• [Data provided]:
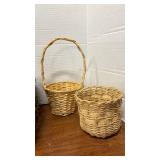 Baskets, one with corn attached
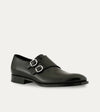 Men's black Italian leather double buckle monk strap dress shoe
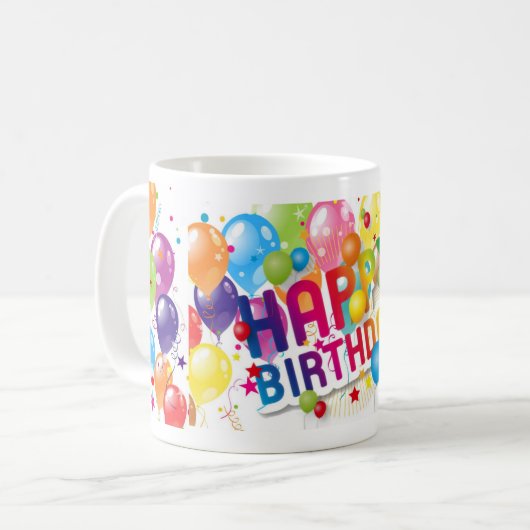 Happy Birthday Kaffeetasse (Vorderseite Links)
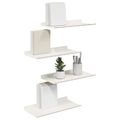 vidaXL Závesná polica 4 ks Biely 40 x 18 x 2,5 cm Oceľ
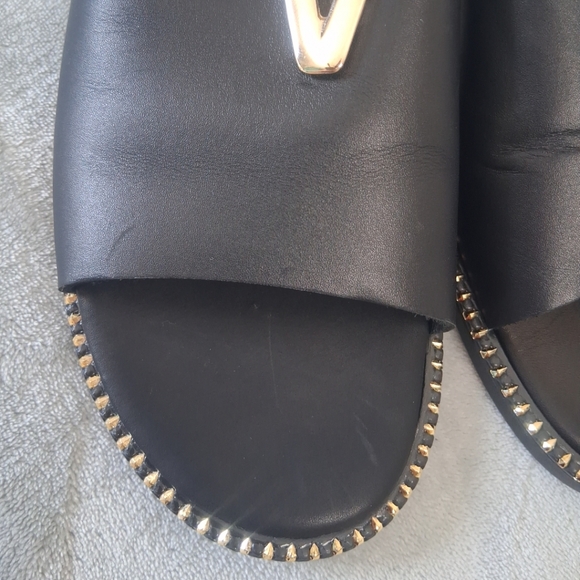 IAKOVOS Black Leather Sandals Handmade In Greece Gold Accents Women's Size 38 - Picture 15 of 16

• [What needs to be done]: With the pictures omitted, the entries are to be transcribed in full, exactly as they appear.

• [Exercise solution]:
 Baskets, one with corn attached
 Men's black Italian leather double buckle monk strap dress shoe
 Happy Birthday Kaffeetasse (Vorderseite Links)
 vidaXL Závesná polica 4 ks Biely 40 x 18 x 2,5 cm Oceľ
 IAKOVOS Black Leather Sandals Handmade In Greece Gold Accents Women's Size 38 - Picture 15 of 16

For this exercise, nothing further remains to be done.